The incidence of dengue is closely “linked to social questions like living conditions, quality of housing, and the availability or lack of basic sanitation, garbage collection and clean water supplies,” said the official.
In areas where these conditions are not in place, dengue is more widespread, said Berbara. He also set forth the “hypothesis” that the higher number of cases in Rio de Janeiro might be due to “the increase in rainfall in this period and thus the proliferation of mosquito breeding grounds in places where water has accumulated, like flooded areas and puddles.”
The government is also worried about another factor, which could lead to an increase in cases in other areas, like the southern part of Rio de Janeiro: the return of dengue virus type 2, seen in the 1990s.
Type 2 “is coming back again, and could affect susceptible people in the south and in other areas,” said Berbara.
Another theory is that the higher level of mortality seen this year may be caused by a more aggressive virus.
That is why “we will not say the southern region (of Rio de Janeiro) is free of dengue,” clarified the official.
After several weeks of wavering, the state government has now decided to speak out clearly about the epidemic, admitting that there have also been outbreaks in other cities in the state of Rio de Janeiro like Angra dos Reis, Campos dos Goytacazes, Natividade and Cantagalo.
After squabbling between federal, municipal and state authorities as to who was responsible for the spread of the epidemic, the state government now says that this is not the time to point fingers.

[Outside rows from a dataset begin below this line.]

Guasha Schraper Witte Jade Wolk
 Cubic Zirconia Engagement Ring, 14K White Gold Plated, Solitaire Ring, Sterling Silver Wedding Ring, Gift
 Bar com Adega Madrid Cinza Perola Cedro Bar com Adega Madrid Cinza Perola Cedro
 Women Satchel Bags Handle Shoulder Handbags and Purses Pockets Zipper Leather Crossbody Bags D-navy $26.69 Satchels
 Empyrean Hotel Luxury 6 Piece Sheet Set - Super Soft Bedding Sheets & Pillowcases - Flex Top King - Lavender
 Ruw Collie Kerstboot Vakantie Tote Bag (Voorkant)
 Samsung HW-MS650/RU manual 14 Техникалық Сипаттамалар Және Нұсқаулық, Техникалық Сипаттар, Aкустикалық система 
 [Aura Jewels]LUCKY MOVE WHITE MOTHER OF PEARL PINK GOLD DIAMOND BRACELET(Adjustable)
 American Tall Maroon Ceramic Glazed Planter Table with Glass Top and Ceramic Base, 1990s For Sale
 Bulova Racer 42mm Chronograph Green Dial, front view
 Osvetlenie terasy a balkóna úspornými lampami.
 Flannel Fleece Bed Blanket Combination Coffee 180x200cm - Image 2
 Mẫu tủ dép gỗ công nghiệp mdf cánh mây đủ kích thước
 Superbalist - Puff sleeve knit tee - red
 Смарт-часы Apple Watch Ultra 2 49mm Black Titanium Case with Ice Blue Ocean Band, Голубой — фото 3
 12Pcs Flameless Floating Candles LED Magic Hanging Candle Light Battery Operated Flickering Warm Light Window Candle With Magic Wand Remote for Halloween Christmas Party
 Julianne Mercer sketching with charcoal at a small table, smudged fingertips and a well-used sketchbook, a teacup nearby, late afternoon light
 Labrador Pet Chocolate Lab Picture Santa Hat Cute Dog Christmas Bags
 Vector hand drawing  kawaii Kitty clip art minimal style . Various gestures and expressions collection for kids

Health Minister Jose Gomes Temporao had stated that one of the main reasons for the increase in the number of fatal dengue cases in Rio de Janeiro was the failure of the state’s hospital system to detect and treat cases early enough.
Berbara, meanwhile, said that above all, a lack of education and prevention measures was to blame for the extent of the epidemic.
“Preventing an epidemic is difficult; there will always be epidemics,” because every viral illness has its own natural cycle, as history has shown, said the expert. But unlike other viral diseases such as chicken pox and smallpox, “dengue is spread by a vector, the mosquito, and vector control measures have somehow failed,” he added.
Areas where basic health care and education are lacking “are a gateway for the epidemic,” said Berbara.
The main vector control measure is education,” he said, underlining the need for awareness-raising and prevention efforts, so that people permanently eliminate potential mosquito breeding grounds.
Although the mosquito develops rapidly to adulthood, in just six or seven days on average, the eggs can remain dormant for up to a year and a half, even in dry spots.
In the past, various media campaigns have been carried out to encourage people to take prevention measures. But as outbreaks of dengue became less frequent and widespread, such efforts began to fall by the wayside.
“Our greatest concern now is providing medical assistance,” said Berbara. “We see the doctors, fire fighters and army working. We have passed a law making it obligatory for people to allow the prevention brigades to enter their houses.”
“But during the rest of the year, we have to keep the vector under control by means of education,” he stressed.
“Only when people are informed and understand that prevention must become routine will we see results. That is our challenge, and we have to invest in that,” he said.